The result you see there was near the end of the recovery process, with only 1,272 blocks to go to until completion. Once the work completed, we were able to bring the application back up and make it available to the end-user community.

Undone by Undo

But after application startup, confusion struck!  The vmstat utility showed that the CPU runqueue started creeping up again, and all the while, the question was asked, Why didn't this problem affect immediately?  Why did we not see it until the afternoon? Soon thereafter, contention was back up on the system with the enq: US - contention wait in the forefront. Even though UNDO fast start parallel rollback was finished, contention was still high.

A small amount of further investigation provided the answer: background jobs deleting from high concurrency had overlapped. This meant that multiple jobs were attempting to do the same deletes over and over again while the application was still trying to insert into those tables, causing locks and UNDO contention!

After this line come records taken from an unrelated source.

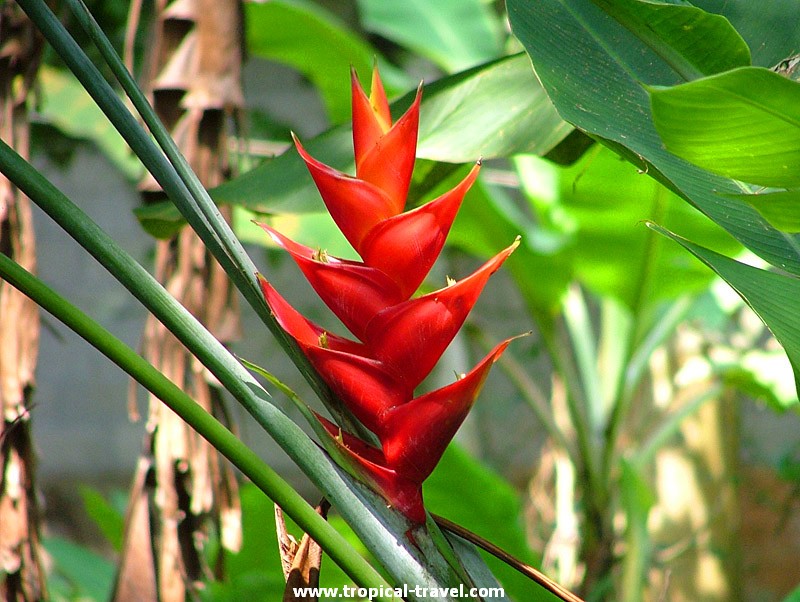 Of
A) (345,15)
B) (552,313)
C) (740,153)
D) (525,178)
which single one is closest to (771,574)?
(552,313)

That also provided the answer to the question of why the performance problem was not detected in the morning.  The system was able to provide reasonable response time because of the the smaller amount of UNDO that was being generated during the less busy morning hours.  However, once things ramped up in the afternoon, (and with fast start parallel rollback taking so much horsepower), the structure of their system started breaking down at all levels. Prior to calling me, the client also did a shutdown abort and a Dataguard failover, which unfortunately made the problem worse  because there was more UNDO to recover. The result was a catastrophic UNDO pile up.

The Solution

In the end though, we cant blame UNDO for the performance problem. It was only doing its job, trying to preserve the integrity of the system. However, we can take away two things from this problem:

  1. Remember the fast_start_parallel_rollback parm - In the case of excessive CPU usage due to UNDO following an instance failure, SMON can be throttled with the FAST_START_PARALLEL_ROLLBACK parameter. You can monitor the progress using the V$FAST_START_TRANSACTIONS view.
  2. Put control mechanisms in your application jobs - Any scripts that perform DML should include a portion at the top that checks to see if it is already running (ps -ef | grep [p] for instance). This will take care of overlapping process issues that are bound to cause contention. In addition, avoid unnecessary DML. Do you really need to insert/update/delete as much as you are? Is there another way that perhaps uses memory, or even flat files to avoid a constant barrage on the database layer?

In the end, the big conclusion is this: anything in excess can be problematic, especially when there are waits involved.